Business Analytics: Using the CRSP DM Methodology

Business Understanding

Business Problem

AOB Analytics is a successful Irish analytics company with plans to expand internationally into the American market. A limited budget challenges the company to look at creative ways to target this overseas audience with its business analytics service offering.

The Marketing Team has opted to use the digital arena to create awareness online using Guerilla Marketing (Shock Advertising). They need to find a topic of interest which would (a) grasp attention of the American audience, (b) display business analysis capabilities of a sample dataset to highlight the service on offer and (c) promote it in such a way that it is controversial to generate word of mouth.

Choosing a Topic of Interest- The Dataset:

What evokes empathy, emotion and passion more than a true story? What true story do we know of that sparks interest with both the Irish and American audience alike? Whether it’s through family tree lines or James Camerons production and direction of the 1993 Hollywood adaption, everyone knows the story of ‘The Titanic’. Pulling on Irish and American heart strings using a true story like the tragic R.M.S Titanic maiden voyage to launch an overseas Irish business is sure to cause word of mouth online.

data analysis titanic
Diagram 1: Titanic route between Ireland and the US

About our Dataset 

The R.M.S Titanic dataset is the perfect dataset source, as we have the ability to illustrate our predictive analytics capabilities showing which variables are associated with ‘survival’ using machine learning. We want to use our analysis (using Studio R) to highlight that being a survivor is associated with the persons ‘class’. In order to do this, we will be using the Regression Decision Model to display multiple variables impact on the survival rate and then display it graphically.


Data Understanding

We have access to the Titanic dataset through a Data Science site called Kaggle. The data has been split into two datasets to analyse which group are more likely to survive; a training and a test set. The training set includes the outcome for each passenger and is used to build the data mining model. The test set is used to validate the model.

  • The training set has 891 observations (rows) and 12 variables (columns).
  • The test set has 481 observations and 11 variables (survival variable removed so we can predict it)
  • Variables include:
    1. P_ID- Auto increments the integer
    2. Survival – Survival (0 = No; 1 = Yes).

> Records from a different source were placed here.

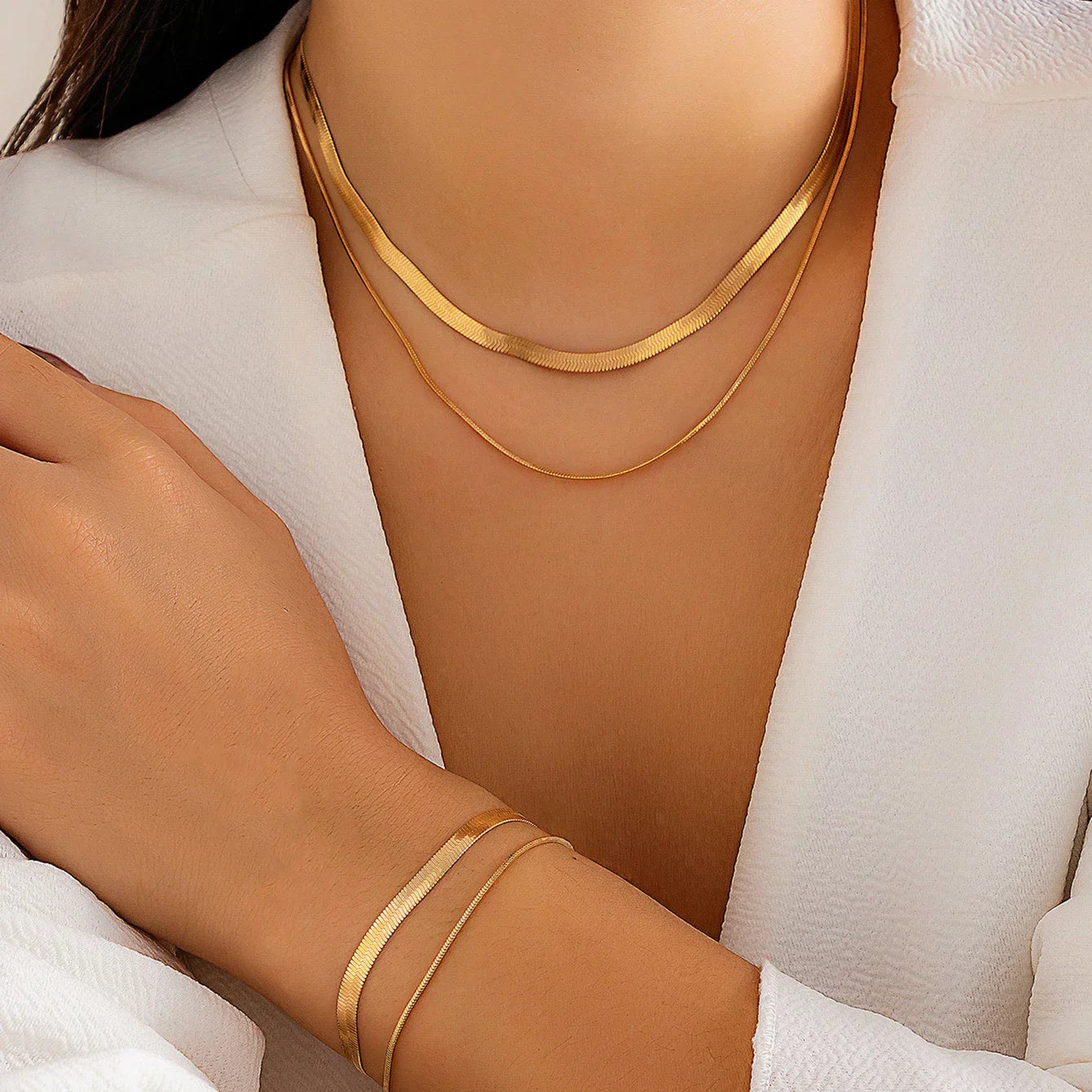 GothicElegance - Set collier serpent et bracelets layered
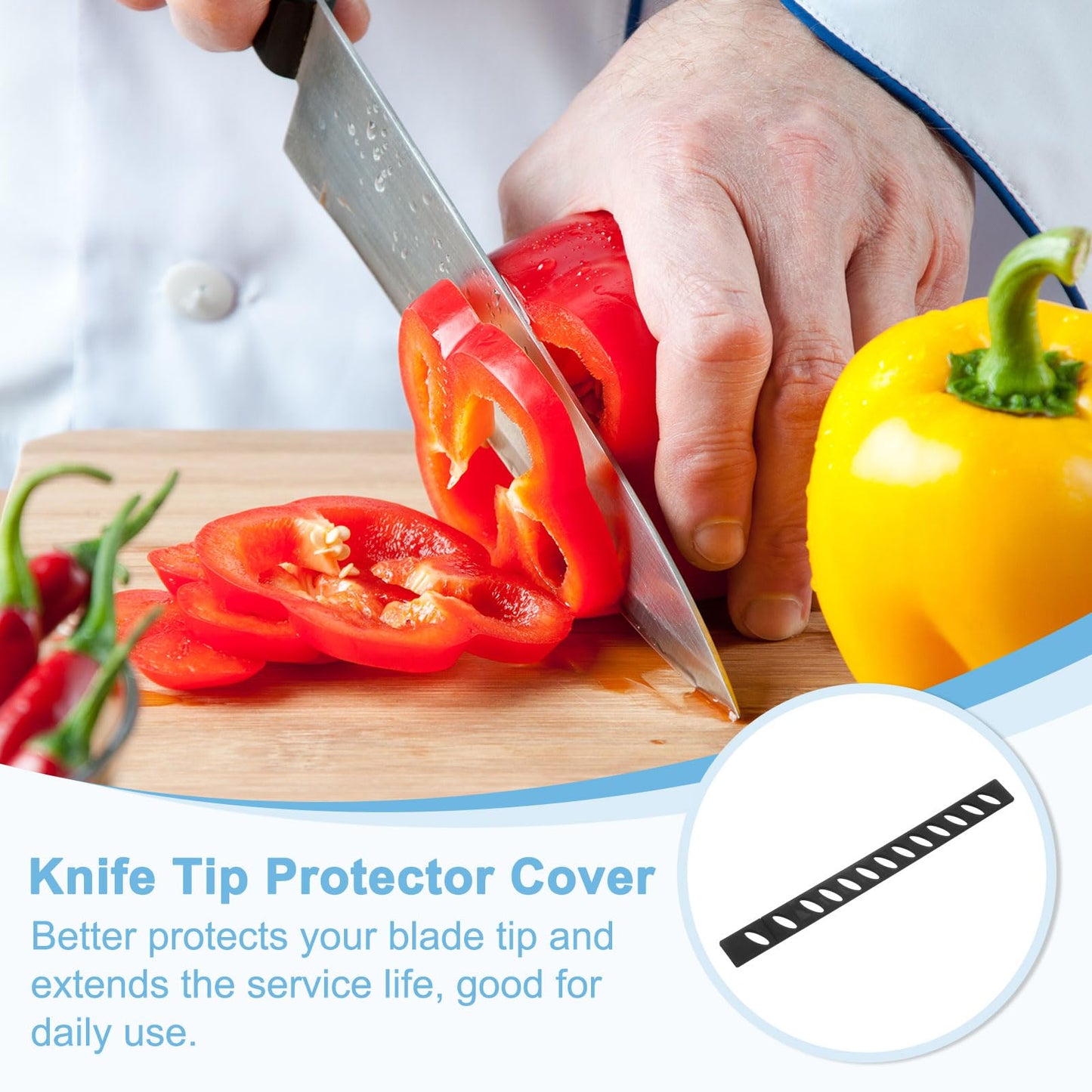 uxcell 50Pcs Blade Edge Guards Knife Protector, 215x20x4mm Plastic Blade Edge Cover Sleeves Universal Knife Covers Knife Sheath for Kitchen, Black
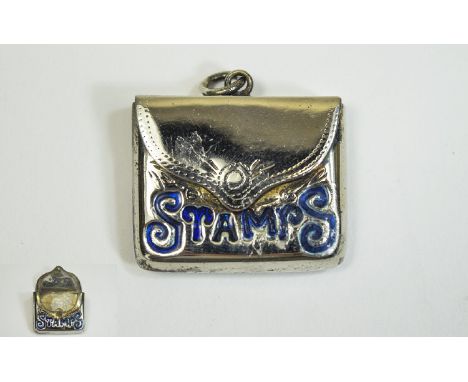 Enamel Stamp Box  Pretty envelope design with hinged closure and blue enamelled 'Stamps' to front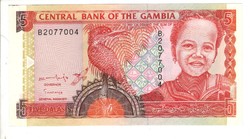 5 dalasi dalasis 1996 Gambia UNC 12. signo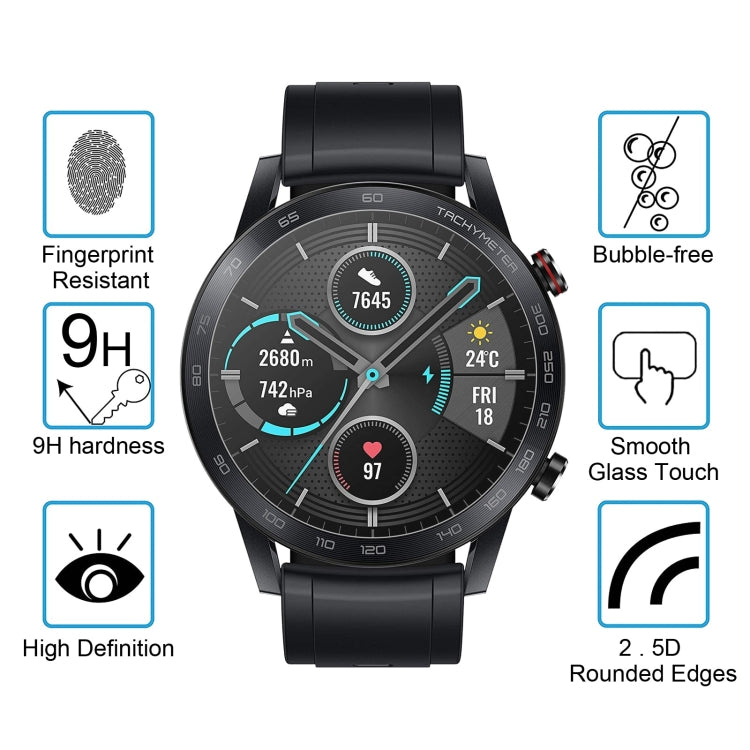 Tempered glass screen protector on smartwatch with 9H, bubble-free, and smooth touch icons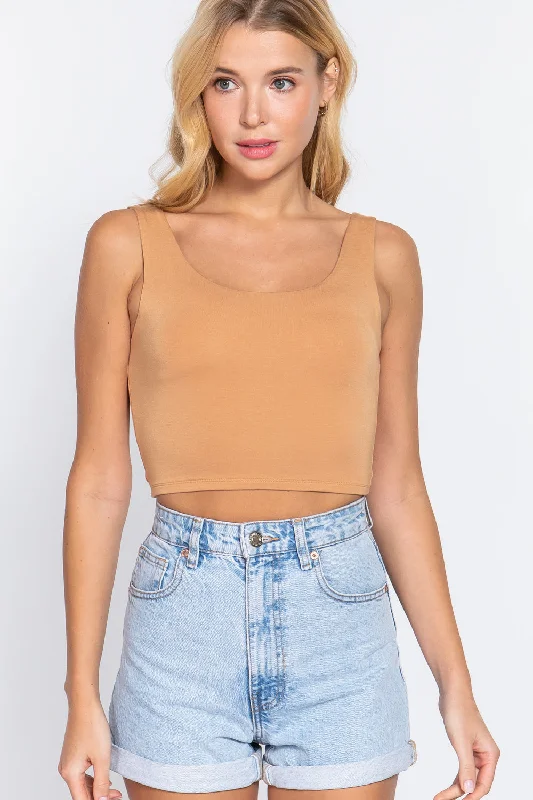 Scoop Neck 2 Ply Crop Tank Top soft tank top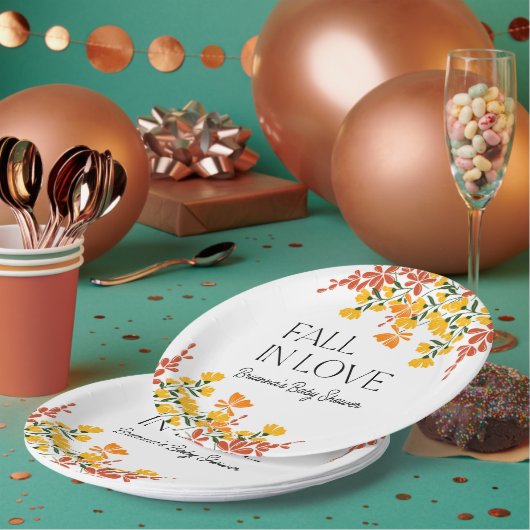 Assiettes En Carton Baby shower Tombe En Amour Automne Floral (Multi)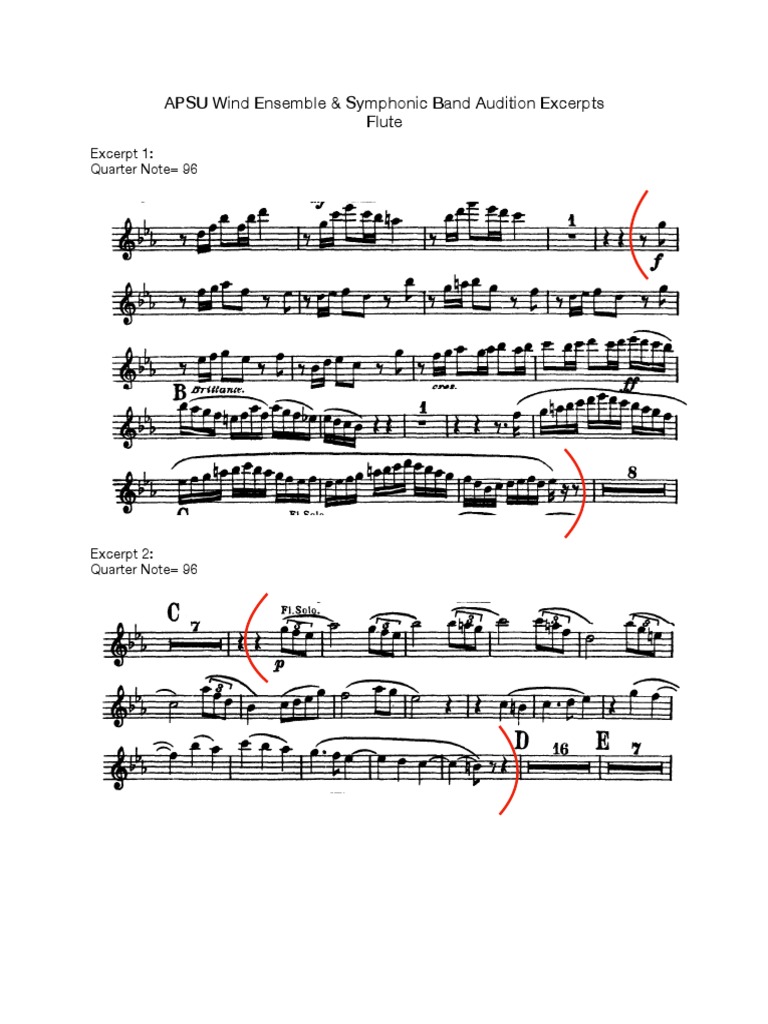 APSU Wind Ensemble & Symphonic Band Audition Excerpts Flute Excerpt 1
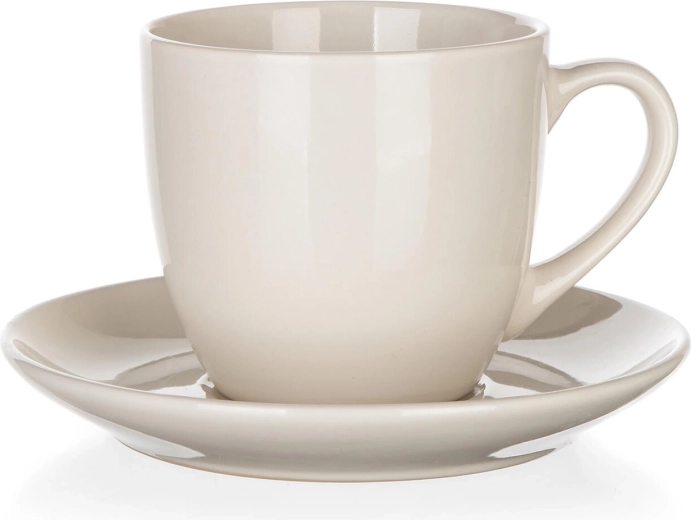 Κεραμικό φλιτζάνι με πιατάκι 250 ml Natural Ivory
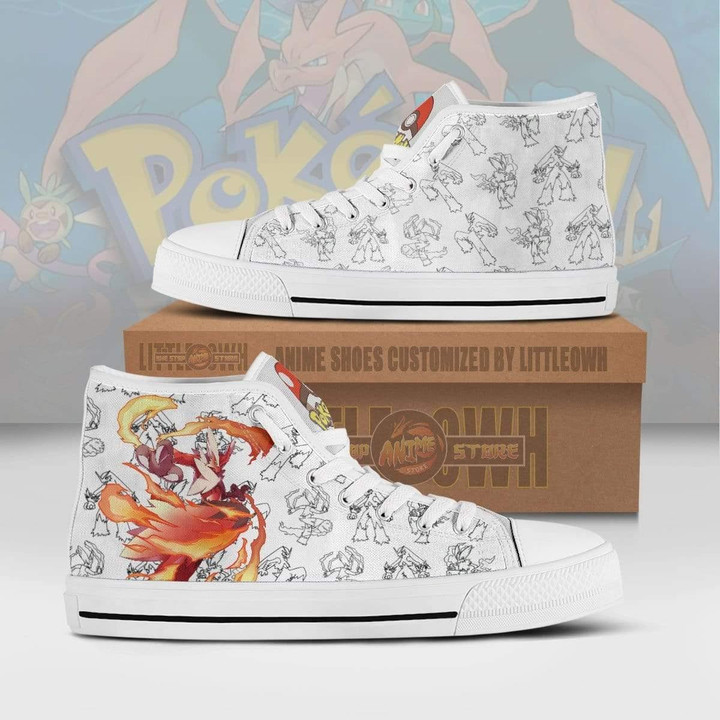 Blaziken High Top Canvas Shoes Custom Pokemon Anime Sneakers - LittleOwh - 1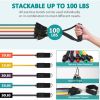 11 Pcs Resistance Bands Set with Door Anchor, Handles, Ankle Straps Fitness Stretch Bands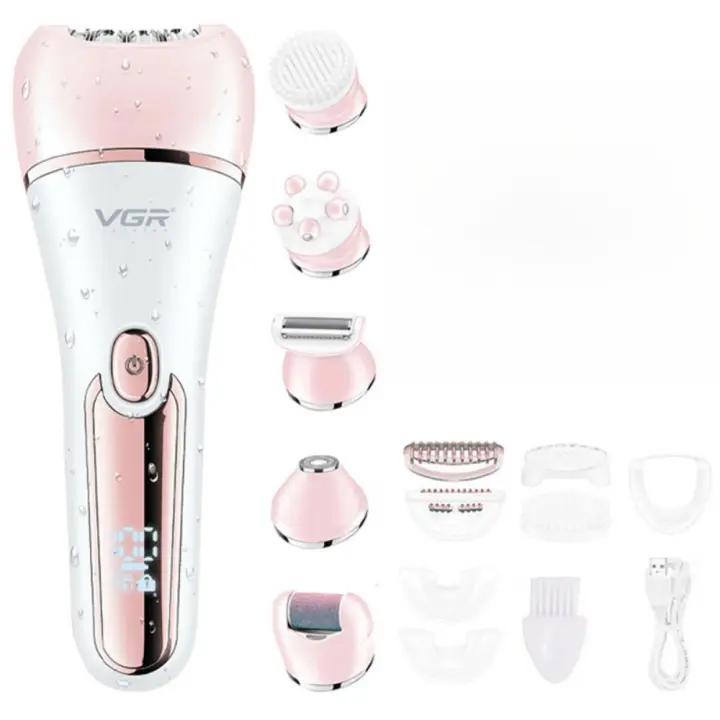 Epilador Eléctrico para Mujer 5 Piezas de Boquilla Eliminación de Vello Facial y Bikini - 1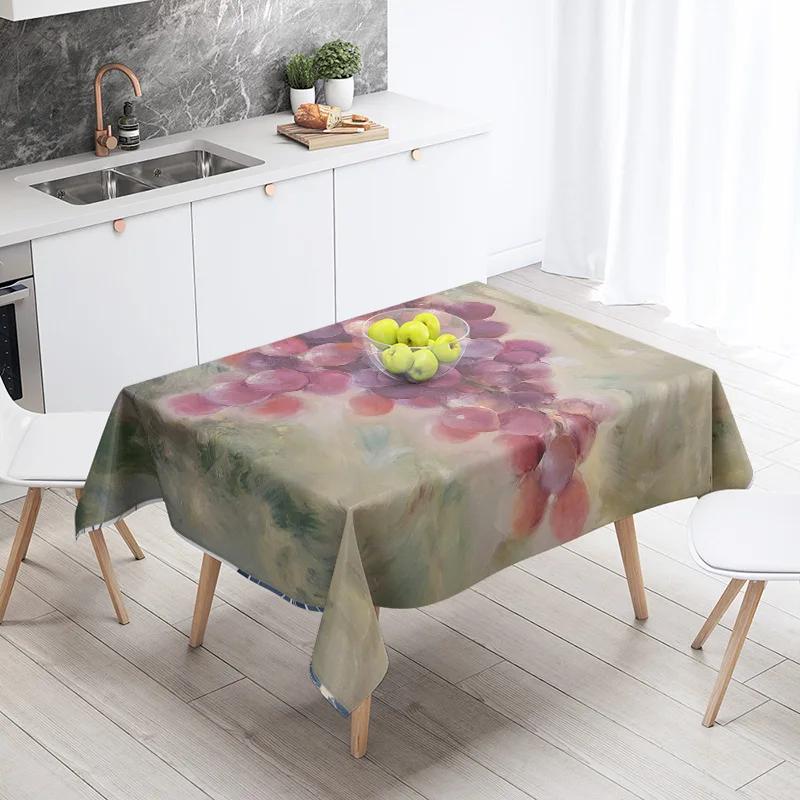Abstrakte Kunst Lebensmittelillustration Tischdecke Ölbeständige Tischdecke Wasserdichte Picknick-Stoff Nordische Heimdekoration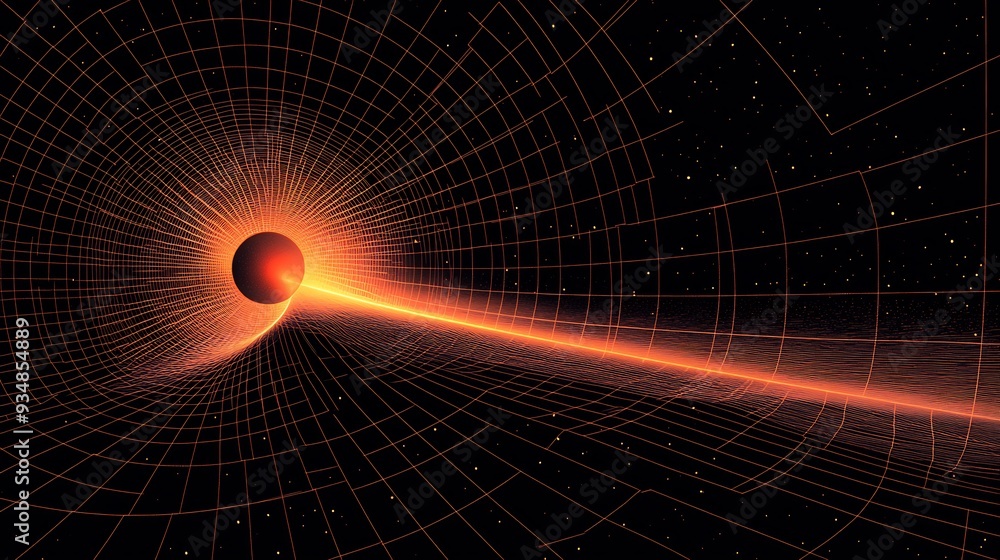 Poster vector depiction of a black hole with a defined schwarzschild radius where 3d space warps around the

Not included in test.csv file.
    3. Pclass – Passenger Class (1 = 1st; 2 = 2nd; 3 = 3rd)
    4. Name – Name
    5. Sex – Sex
    6. Age – Age
    7. Sibsp – Number of Siblings/Spouses Aboard
    8. Parch – Number of Parents/Children Aboard
    9. Ticket – Ticket Number
    10. Fare – Passenger Fare
    11. Cabin – Cabin
    12. Embarked – Port of Embarkation (C = Cherbourg; Q = Queenstown; S = Southampton)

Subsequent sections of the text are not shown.